Methods and Strategies for Evaluation of Teaching and Units
At Macquarie, we encourage you to evaluate using a range of sources of information. The information can come from your students, your own observations, your peers or mentor's observations, and your students' work. The University is currently developing policies around evaluation and some of the activities listed below may become part of a review cycle at your department. Over time, using several methods from this list will ensure that you obtain diverse but complementary perspectives on many facets of teaching and/or curriculum.
Student evaluation and feedback
Student feedback is a rich and valuable source of information for both formative and summative purposes. For this reason, student feedback and evaluation are key components of the University's Quality Enhancement Framework, as well as providing summative evidence for staff promotion, probation and awards, and for internal and external quality assurance reporting requirements. Methods of obtaining student feedback may be formal or informal, structured, semi-structured or unstructured. They include surveys, minute papers, focus groups and student consultations.
- More information about obtaining and using student feedback and evaluation, including methods, resources and related policies and procedures
- Teaching Evaluation for Development Service (TEDS)
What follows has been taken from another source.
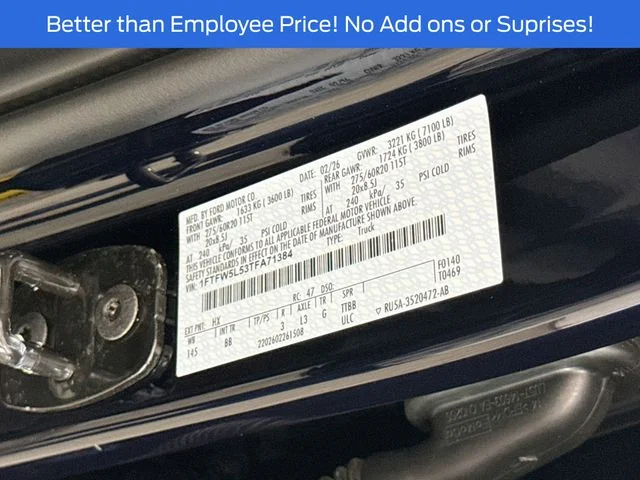New 2026 Antimatter Blue Metallic Ford Lariat® image 67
- Order TEDS surveys (Learner Experience of Unit, Learner Experience of Teaching)
Peer observation and review
Colleagues from your own and other disciplines are often a good source of data for evaluating your teaching and units, providing professional feedback and guidance. You can find out how they perceive your teaching, how your unit prepares students for involvement in subsequent units, and any aspects of your teaching you might try to improve. Peer observation and review of teaching and/or curriculum can be undertaken for a range of purposes, both formative and summative. Approaches range from informal, semi-structured observation by, and feedback from, a friendly work colleague, to highly structured, formal schemes aimed at providing evidence for promotion and other reward processes.
Self-observation, self-assessment and critical reflection
Macquarie University encourages critically reflective practice in all areas of academic work, including teaching and curriculum development. All the feedback you can obtain from other sources is, of course, of little use unless you have a reflective and critical approach to your own practice. In addition, for summative purposes such as promotion, it's important for you to be able to demonstrate, through examples and accounts of practice, that you have reflected on, and acted constructively in response to, formative feedback and evaluation.
Student assessment tasks and attainment of learning outcomes
The assessment tasks and other work that students produce in the course of their study is a valuable source of information about your teaching and curriculum design. There are many ways to use students' work in both self- and peer-evaluation, for purposes such as developing teaching skills, refining curriculum, diagnosing problem areas and providing evidence of effective teaching.